Machine learning and deep learning are methods that are increasingly used in ecological research with success. In this PhD project, we work with the development of methods related to image processing, GIS and remote sensing, acoustics and soundscape and environmental DNA (eDNA).
Image-based detection has great potential for automating and improving procedures in the collection of biological and ecological data sets. Preliminary studies have been conducted to identify plants as well as individuals of trout and salamanders from photos. This work is only a first step towards developing a precise and automatic system. We are working to further develop these methods.
Monitoring of the acoustic environment, or soundscape, is fast becoming a key tool in ecosystem management of species. Automated acoustic survey methods are necessary to be able to meet new requirements to study the effects of global change on biological diversity. Low-cost acoustic loggers are now available, paving the way for such approaches. Nevertheless, we lack good analysis methods. In the PhD project's first year, we have primarily worked with machine learning to analyze soundscapes.
Species are increasingly modifying their distributions and migration timings due to climate change. Effective ecological management and conservation efforts depend on identifying current distributions and predicting shifts. While remote sensing data such as land cover or weather are established covariates for species occurrence, environmental soundscapes are increasingly enabling low-cost and passive monitoring tools. Combining soundscapes with established abiotic species covariates can create a more complete ecological fingerprint for modeling biodiversity trends. Here, we study and compare the predictive power of soundscapes, local weather, and national U.S. weather data across a four-year period in Sapsucker Words in Ithaca, New York.
Avian species presence data was sourced from species survey checklists from the eBird Basic Dataset from January 2016 to August 2020, restricted to a 200m radius of the microphone array adjacent to the Cornell Lab of Ornithology. Only complete survey checklists were included, allowing for the creation of a species absence dataset. Additionally, only checklists from traveling and stationary surveys were allowed, removing instances of large-scale area species counts. To prevent temporal bias in the model, the total number of checklists for each year was restricted to the lowest annual count across the study period of 2016-2019. For the other years, checklists were randomly subsampled.
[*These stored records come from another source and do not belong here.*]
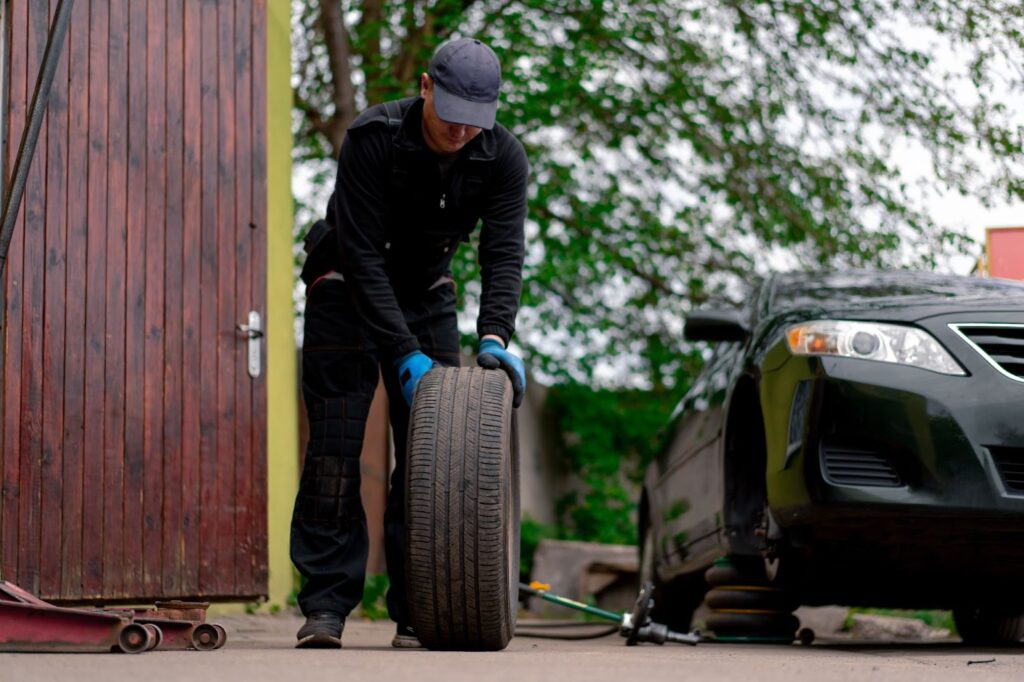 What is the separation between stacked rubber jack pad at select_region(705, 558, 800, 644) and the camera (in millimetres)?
5578

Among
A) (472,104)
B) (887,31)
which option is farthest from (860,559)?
(887,31)

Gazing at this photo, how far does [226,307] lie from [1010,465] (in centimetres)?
333

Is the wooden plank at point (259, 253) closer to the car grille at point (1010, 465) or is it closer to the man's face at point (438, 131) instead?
the man's face at point (438, 131)

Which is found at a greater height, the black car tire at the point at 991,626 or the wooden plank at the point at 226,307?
the wooden plank at the point at 226,307

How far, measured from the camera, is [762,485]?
18.5 feet

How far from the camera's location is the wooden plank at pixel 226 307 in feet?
20.6

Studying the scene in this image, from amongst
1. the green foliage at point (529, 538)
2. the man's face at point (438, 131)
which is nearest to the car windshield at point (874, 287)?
the man's face at point (438, 131)

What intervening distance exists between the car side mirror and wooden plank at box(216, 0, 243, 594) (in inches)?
77.7

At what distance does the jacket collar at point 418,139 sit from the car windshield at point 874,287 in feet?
4.92

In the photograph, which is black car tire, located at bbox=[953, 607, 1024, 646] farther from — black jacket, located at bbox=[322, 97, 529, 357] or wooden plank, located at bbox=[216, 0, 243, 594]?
wooden plank, located at bbox=[216, 0, 243, 594]

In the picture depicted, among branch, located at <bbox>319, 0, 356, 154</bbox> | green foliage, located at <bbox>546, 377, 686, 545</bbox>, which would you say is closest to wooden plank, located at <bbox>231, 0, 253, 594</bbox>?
branch, located at <bbox>319, 0, 356, 154</bbox>

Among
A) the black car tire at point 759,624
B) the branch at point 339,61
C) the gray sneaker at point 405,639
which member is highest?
the branch at point 339,61

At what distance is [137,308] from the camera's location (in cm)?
606

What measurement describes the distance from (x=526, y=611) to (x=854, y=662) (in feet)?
24.9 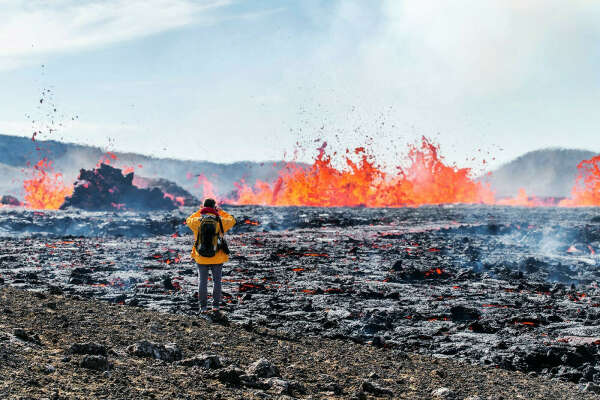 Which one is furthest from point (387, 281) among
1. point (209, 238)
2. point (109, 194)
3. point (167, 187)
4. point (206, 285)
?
point (167, 187)

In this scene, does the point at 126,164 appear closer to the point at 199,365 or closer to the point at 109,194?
the point at 109,194

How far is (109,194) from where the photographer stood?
3566 centimetres

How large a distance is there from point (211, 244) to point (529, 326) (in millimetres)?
4674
The audio dataset consists of more than four years of continuous audio data from January 2016-August 2020, recorded on a Gras-41AC precision microphone microphone outside the Cornell Lab of Ornithology (Latitude: 42.47955, Longitude: -76.45132), digitized with a Barix Instreamer ADC at 48 kHz, and stored in lossless .flac files at 15 minute increments. All audio data was converted into VGGish embedding features on the Saga HPC Cluster at SIGMA2 ( SIGMA 2). VGGish is a tensorflow model trained for classification of audio on a large dataset of youtube videos (Tensorflow Github). It converts 0.96 segments of audio data into 128-dimensional float feature vectors which are optimized for audio classification. Audio classification models applying audio feature embeddings perform comparably or better than CNN models trained directly on audio spectrograms and have been previously used in the ecoacoustics field. These vectors were averaged at the daily scale, as well as from 3:30 AM-7:30 AM for each day. This time window was chosen based on an analysis of six common temperate forest bird species, which found that dawn choruses tend to begin 20 minutes before nautical twilight to 100 minutes afterwards.
We find strong correlations between soundscape features and metrics of biodiversity in the area. Via supervised machine learning models and feature importance analysis, we identify temporal patterns in the predictive power of environmental soundscapes and weather features. We are also using the North American DayMet climate features dataset to detail how audio and climate features compare in predicting bird species and biodiversity. Lastly, we are similarly exploring how historical sound and climate features predict migration timings.
We continue to work on demonstrating the added value of eco-acoustics also by increasing data collection. In connection with this, we are in the process of collecting sound from many different places and ecosystems in Norway through the project «Sound of Norway».